# Volusion vs Ebay



## Plow Boy (Jan 1, 2004)

Has any one tried selling on this site? They state they are better than ebay.

http://www.volusion.com/volusion_ebay_comparison/?utm_source=facebook&utm_medium=cpc&utm_content=Forget_eBay_Get_Real&utm_campaign=Competitors_eBay


----------



## familyman888 (May 4, 2009)

First I've heard of it. And they probably are better than Ebay, lol.


----------



## blooba (Feb 9, 2010)

well your not really looking at 2 of the same things. That is a shopping cart software and ebay is a storefront.

With volusion you will need to create your own storefront,pay monthly hosting fees, promote your brand, and create your own traffic.

With ebay you place your items on their store for a small fee and utilize their traffic and whatnot. 

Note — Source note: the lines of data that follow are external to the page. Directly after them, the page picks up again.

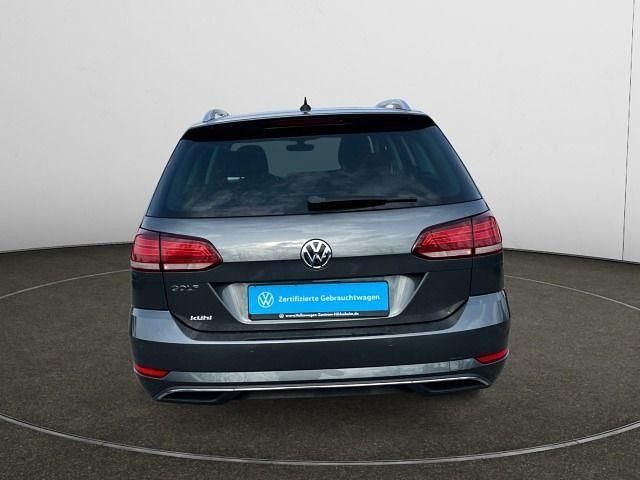 Gebraucht VW Golf VII Join 116 PS (85 kW) 2019 Grau Kombi
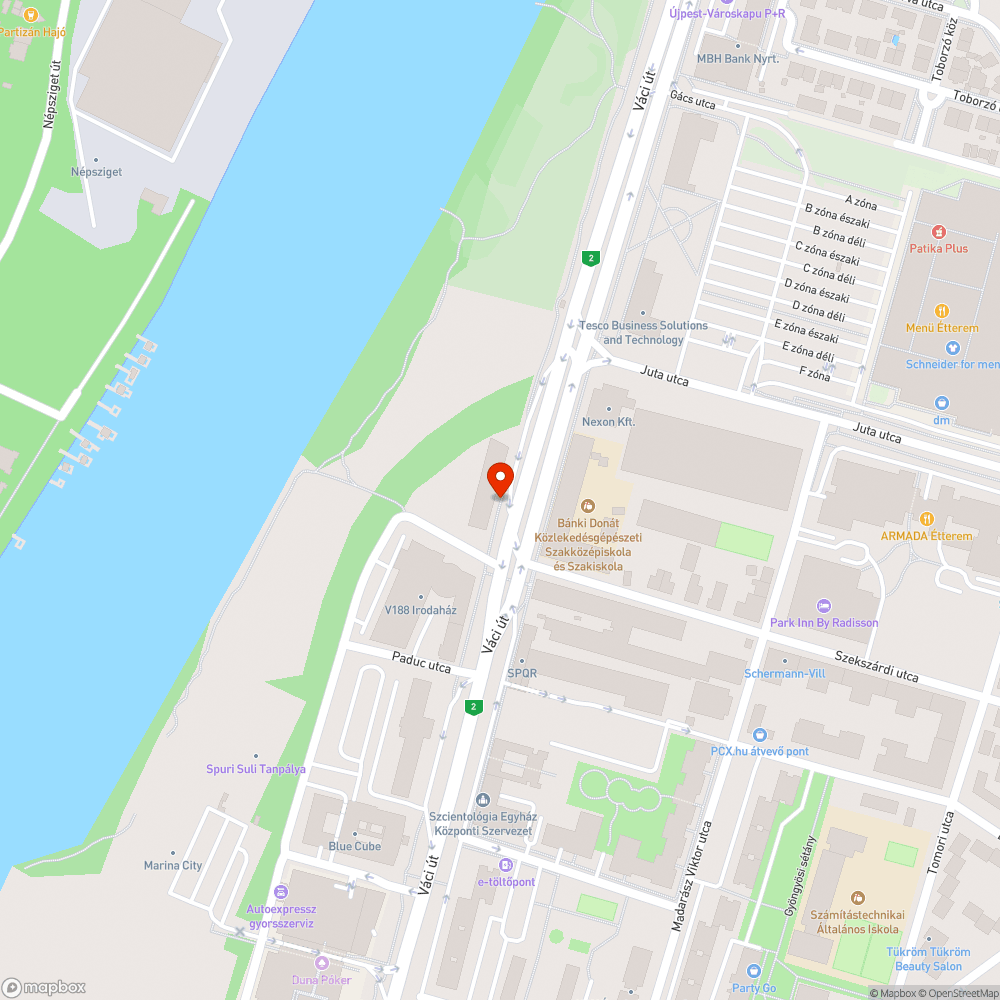 A kerékpárút felfestése megkopott bejelentés helye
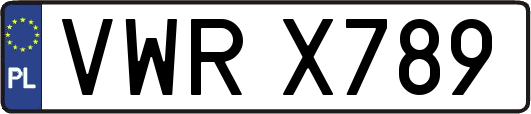 VWRX789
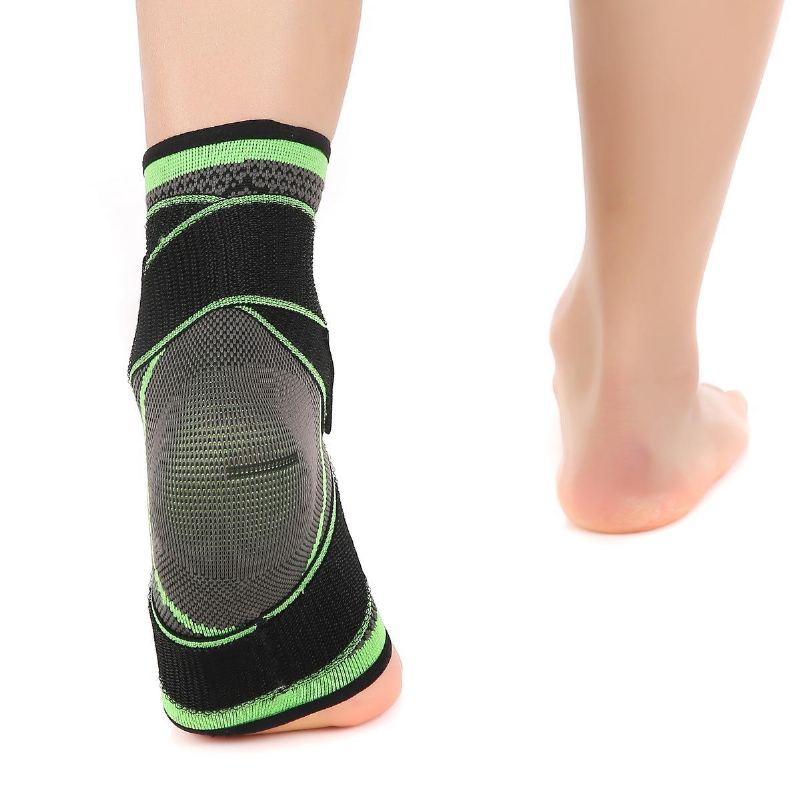 Mumian S15 1pc Nylonová Podpora Kotníku Odolná Proti Opotřebení Prodyšná Venkovní Sporty Fitness Ochrana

It is very hard to create your own site and create enough targeted traffic although on ebay you have to deal with competion and their fees


----------



## happychick (Sep 20, 2010)

Only vaguely heard of it, never sold on it. eBay is what I do (see signature link!)


----------



## Darren (May 10, 2002)

I've never heard of Volusion either until this post. The big turn off for me is no way to search on the front page. If I go to ebay I'm looking for something very specific. Ebay's search function lets me know if what I'm looking for is up for bid and what the item has sold for in the past.

I know I can use Google to search Volusion's web site but that's a PITA to go to that trouble. Searching via the internet shouldn't be like going to town and walking into and looking around all of the stores.


----------